On to Franklin Raines. Mr. Raines was the White House budget director for the Clinton administration during the 1990s. In 1999, he became Chairman and chief executive of Fannie Mae and remained there until 2004, when he was forced to resign less than a week after the Securities and Exchange Commission (SEC) directed the mortgage giant to make “accounting corrections” that would result in $6.3 billion of profits being erased. That figure was amended to $10.6 billion in a 2006 report by Office of Federal Housing Enterprise Oversight (OFHEO) which also alleged that, during Raines’ tenure, Fannie Mae “systematically manipulated accounting estimates, ignored accounting requirements it had lobbied unsuccessfully against and operated with weak internal controls that helped obscure the other problems.” The OFHEO report further noted that the company “delayed booking $200 million of expenses in 1998, which allowed Raines and other top executives (including James Johnson) to receive millions of dollars in bonuses linked to Fannie’s profit.”

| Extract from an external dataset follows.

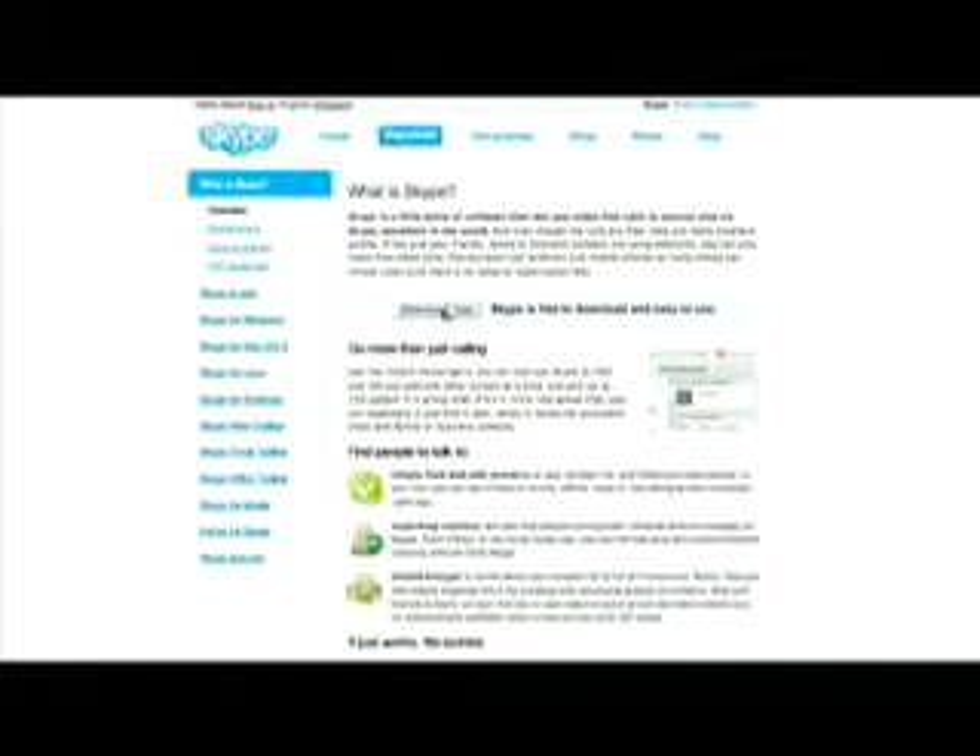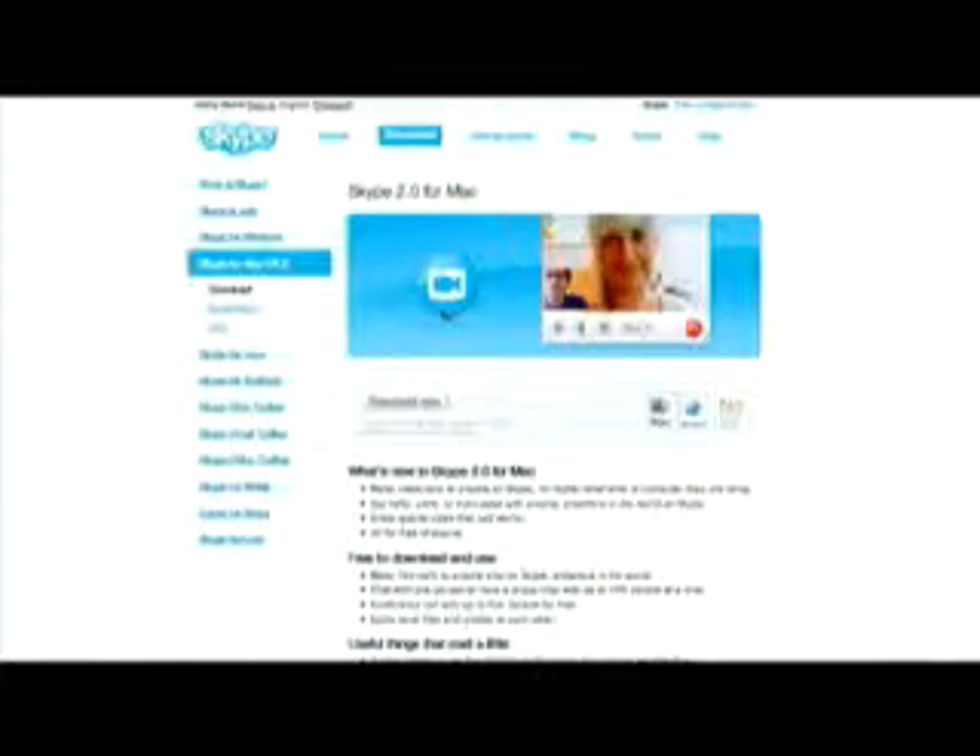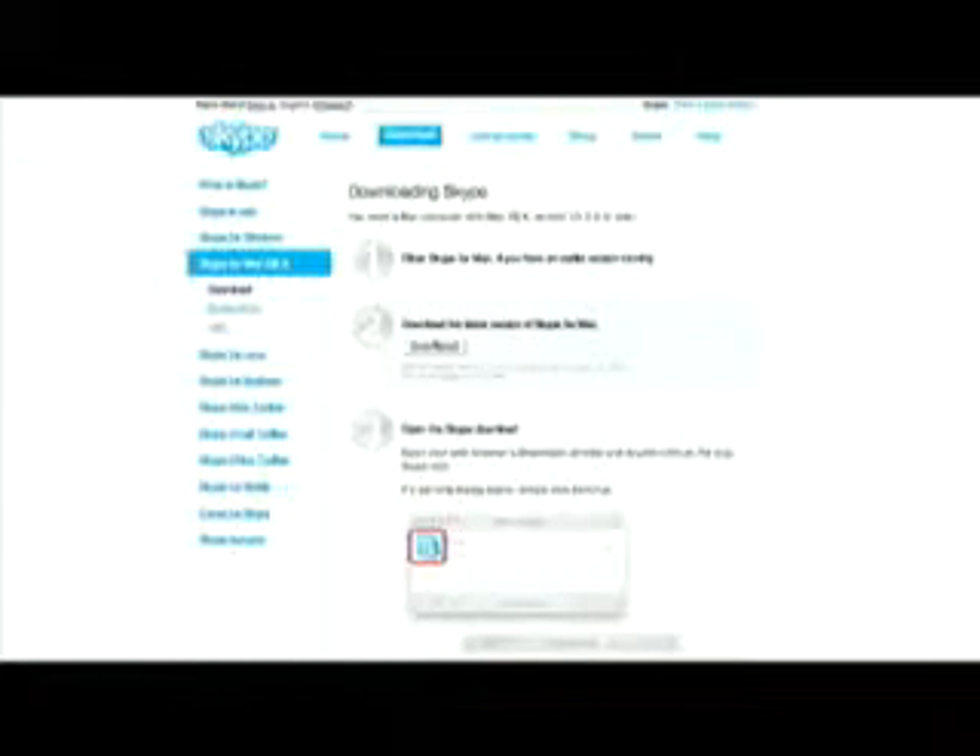Step one: go to Skype.com and hit the download button. You'll need to hit it multiple times before you actually get to download it. Then install. And if you've never seen an install on a Mac, it really is that easy.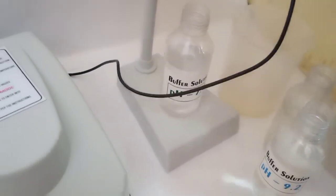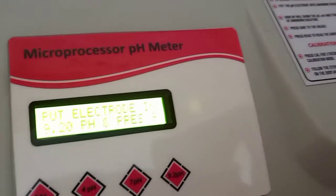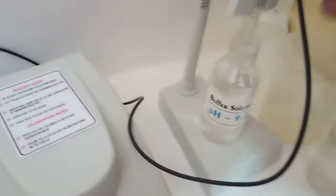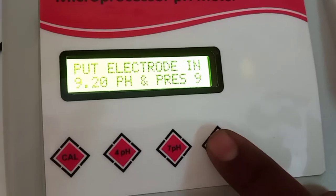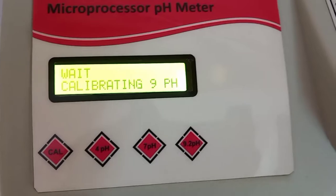Now the machine demands 9.2 pH. Again, wash the electrode thoroughly using distilled water — make sure to use distilled water. Put the electrode into the 9.2 pH buffer and press the 9 button. Again, the same process — we have to wait.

The level of executive bonus compensation between the years 1998 and 2004 was huge. $115 million was spread around to “Mr. Raines, chief financial officer J. Timothy Howard, and other members of the inner circle of senior executives at Fannie Mae” due to accounting procedures the OFHEO report labeled as “inconsistent with the values of responsibility, accountability, and integrity.”
The government sued Mr. Raines along with two other company executives, seeking $100 million in fines and $115 million in restitution for bonuses “that were not earned.” In 2008, a settlement was reached in which Raines relinquished company stock options, proceeds from stock sales and other benefits totaling $24.7 million. Yet according to the Seattle Times, people familiar with the deal contended that stock options, worth $15.6 million at the time they were issued to Raines, were of “negligible value” at the time of the settlement, due to Fannie Mae shares being hammered by the housing meltdown. Moreover while the size of the fine seems large, context reveals otherwise: Raines’ total compensation from 1998 through 2004 was $91.1 million, including some $52.6 million in bonuses, according to OFHEO.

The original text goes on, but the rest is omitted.